Captain on trial in Hungary over S.Korean tour boat disaster

A Ukrainian cruise captain went on trial in Hungary on Wednesday over a collision on the river Danube last year…

A Ukrainian cruise captain went on trial in Hungary on Wednesday over a collision on the river Danube last year that led to the deaths of 27 people, mostly South Korean tourists.

The Mermaid sightseeing boat carrying the tour group sank within seconds after colliding with the Swiss-registered Viking Sigyn river cruise vessel on May 29.

The disaster, on a busy stretch of the Danube in the heart of Budapest, was Hungary’s worst boating accident in over half a century.

Only seven South Koreans were rescued, while 25 South Koreans including a six-year-old girl as well as the Hungarian captain of the Mermaid and one crew member died. A South Korean woman remains missing.

Yurij Caplinskij, 64, is charged with “endangering waterborne traffic resulting in multiple deaths” and 35 counts of failing to provide help.

During the opening hearing at a district court in Budapest, prosecutors said they were seeking a nine-year jail term and a ban from driving waterborne vessels for Caplinskij if he admitted all the charges.

The Ukrainian denied the charges and declined to make any further statement.

– ‘Didn’t notice the boat’ –

According to prosecutors, Caplinskij, the only driver of the Sigyn, did not concentrate on his duties for at least five minutes and was negligently unaware of the dangerous proximity of the Mermaid, failing to slow down and steer away from it.

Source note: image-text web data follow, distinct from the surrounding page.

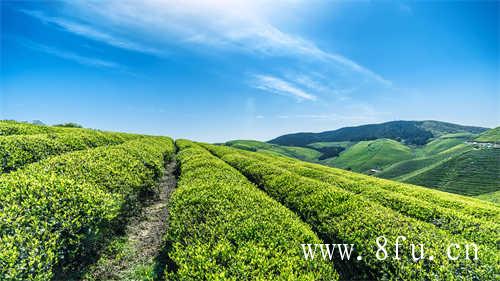 撬白茶饼的工具选用的是茶刀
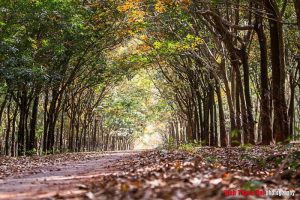 Rừng cao su Bù Đăng mùa lá đổ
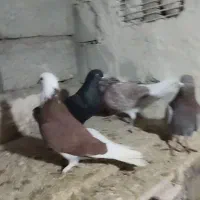 کبوتر پرشی|پرنده|اشنویه, |دیوار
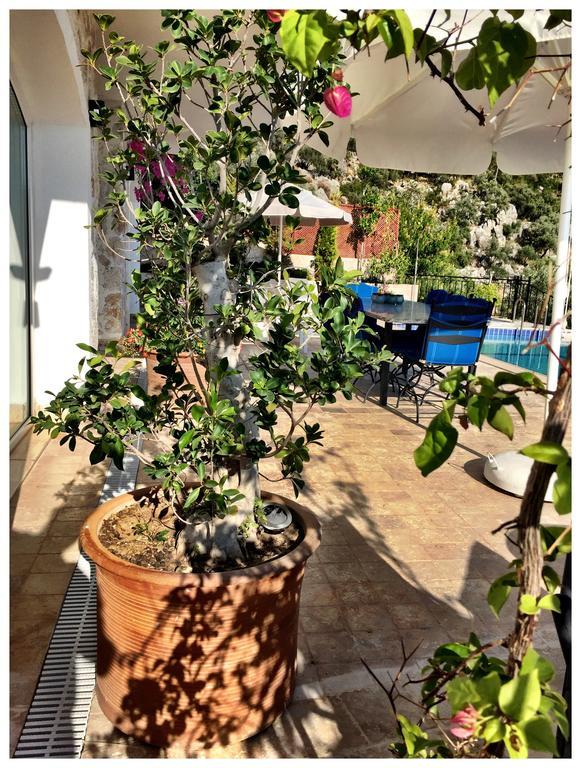 Villa Valo Kalkan Rum bild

“I didn’t notice the boat,” read a message he sent to his son minutes after the crash, according to case documents.

He then neglected his duty to provide help to those who fell in the water or were trapped on board the sunken boat, say prosecutors.

The 56-year-old Ukrainian captain of a second cruise vessel, the Viking Idun that was following the Sigyn, was also detained in January on suspicion of 35 counts of failing to provide help.

Some of the bodies were recovered dozens of kilometres south of the Hungarian capital.

Relatives of the South Korean victims did not travel to attend the trial because of the coronavirus epidemic, the judge said.

Journalists were allowed into the court briefly before the hearing began but are barred throughout the trial.

However, they are able to watch proceedings via video feed in a nearby room.